_Exercise aim_. Include no pictures. Output exactly the lines from the one that contains "Centar za obrazovanje" through the final line of the entries.

*** Opening of Data shown ***

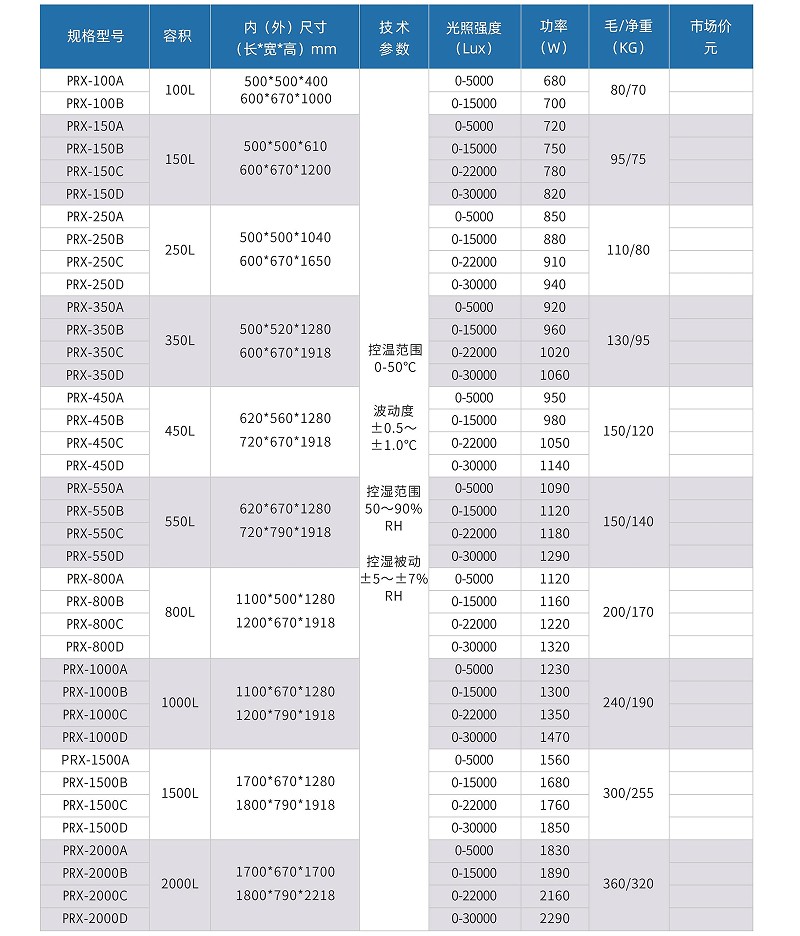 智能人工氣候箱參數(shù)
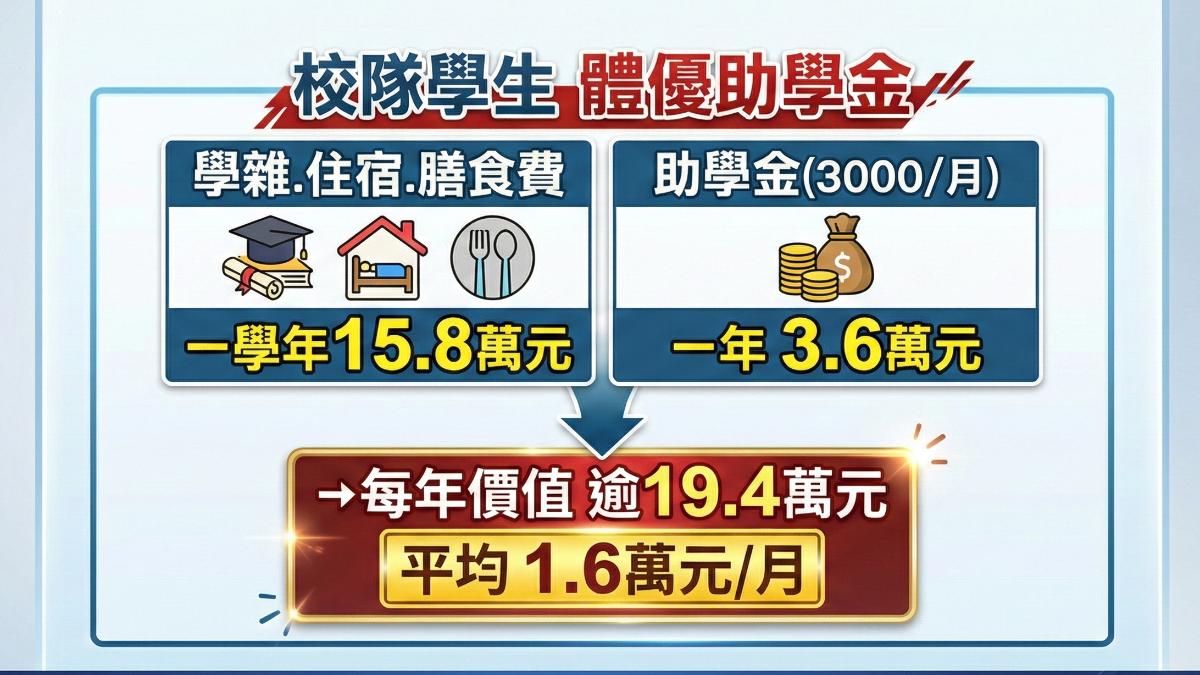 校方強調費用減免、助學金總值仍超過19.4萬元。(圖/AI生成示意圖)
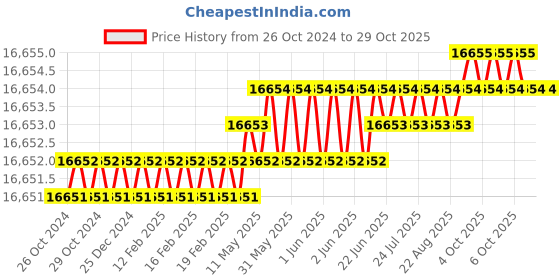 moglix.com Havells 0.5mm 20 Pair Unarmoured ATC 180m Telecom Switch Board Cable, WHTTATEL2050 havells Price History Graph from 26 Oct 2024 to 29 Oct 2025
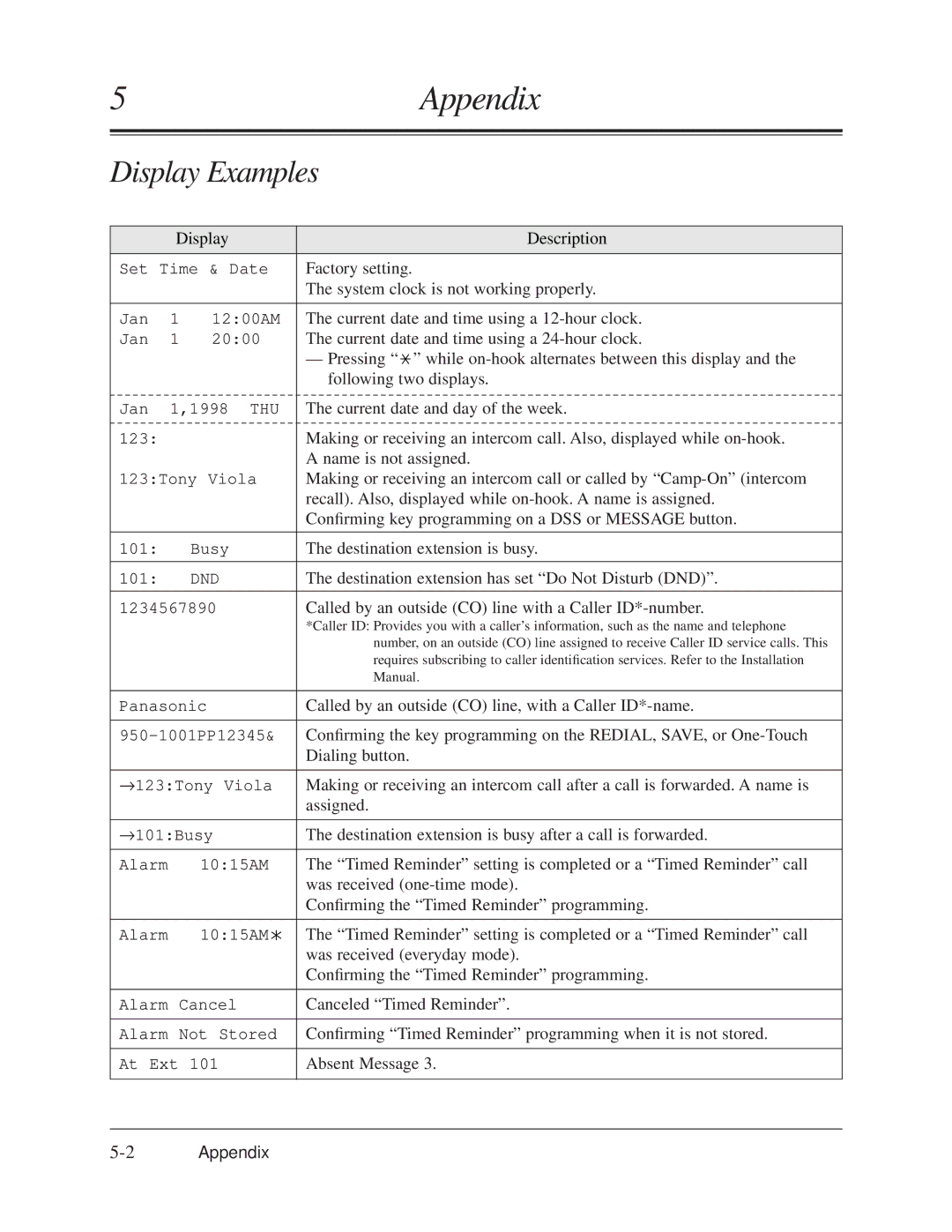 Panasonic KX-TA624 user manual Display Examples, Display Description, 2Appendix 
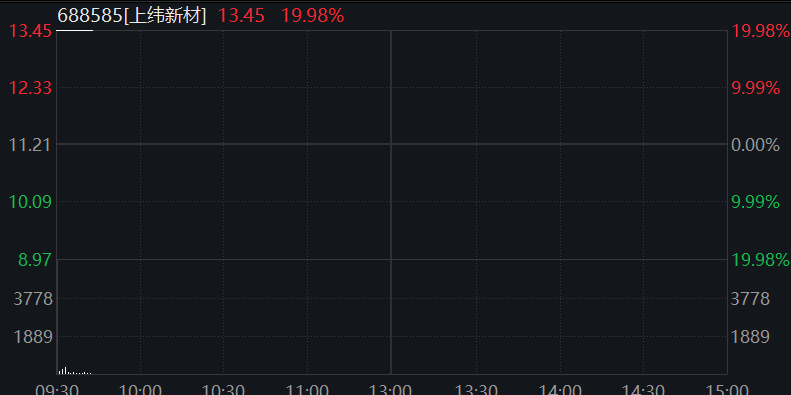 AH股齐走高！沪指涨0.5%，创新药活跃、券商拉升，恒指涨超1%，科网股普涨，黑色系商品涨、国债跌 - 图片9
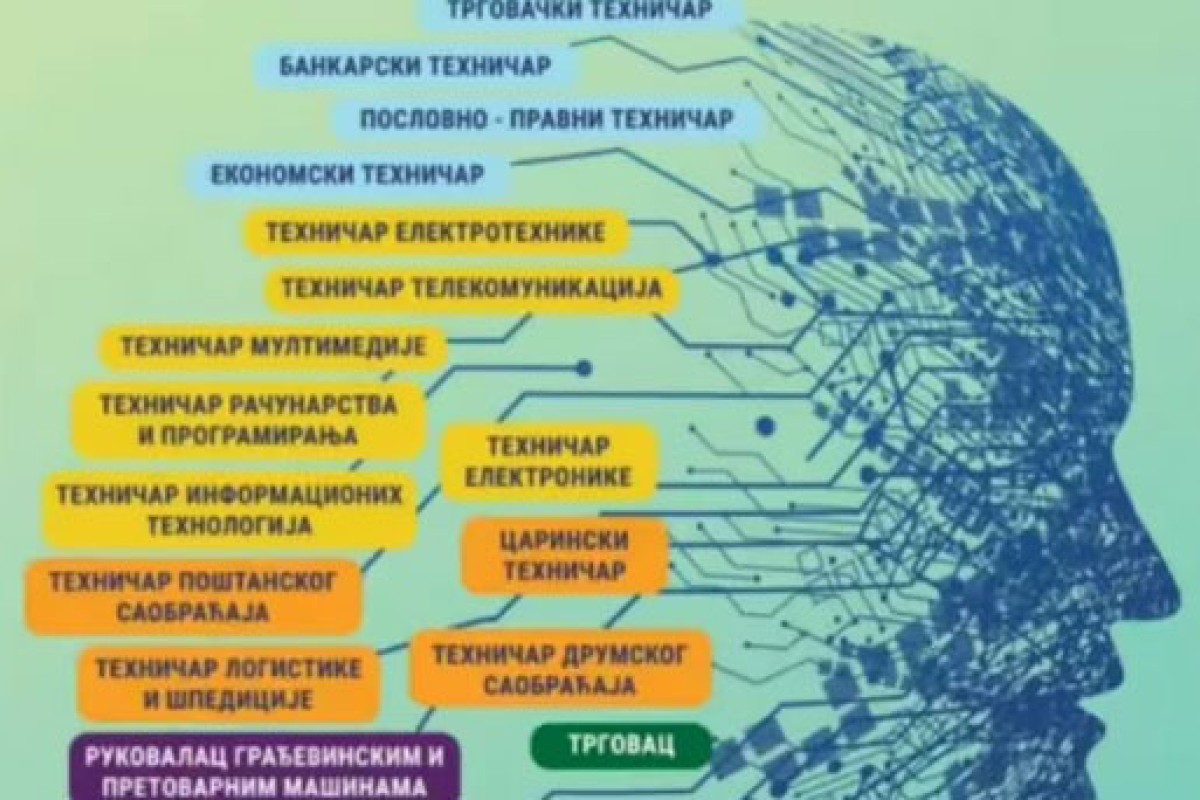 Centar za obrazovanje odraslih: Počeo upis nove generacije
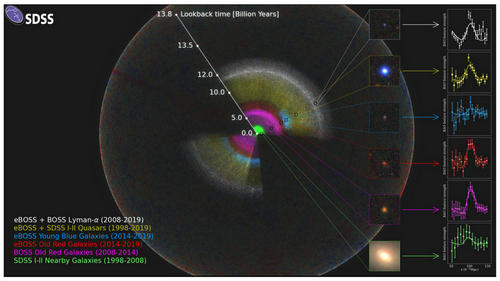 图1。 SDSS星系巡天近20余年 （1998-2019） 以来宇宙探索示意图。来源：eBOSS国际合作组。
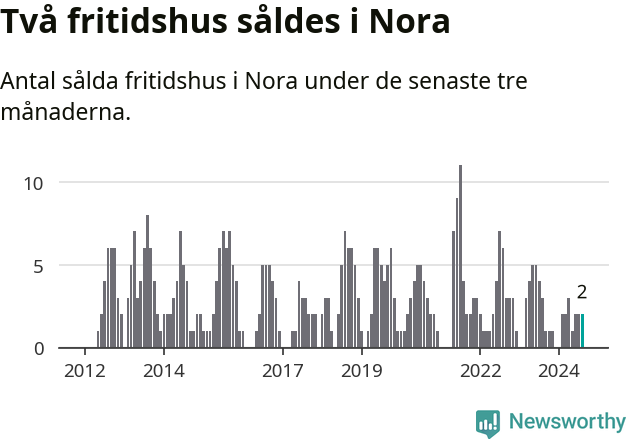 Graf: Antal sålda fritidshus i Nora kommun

*** Close of Data shown ***

_Exercise output_.
 Centar za obrazovanje odraslih: Počeo upis nove generacije
 图1。 SDSS星系巡天近20余年 （1998-2019） 以来宇宙探索示意图。来源：eBOSS国际合作组。
 Graf: Antal sålda fritidshus i Nora kommun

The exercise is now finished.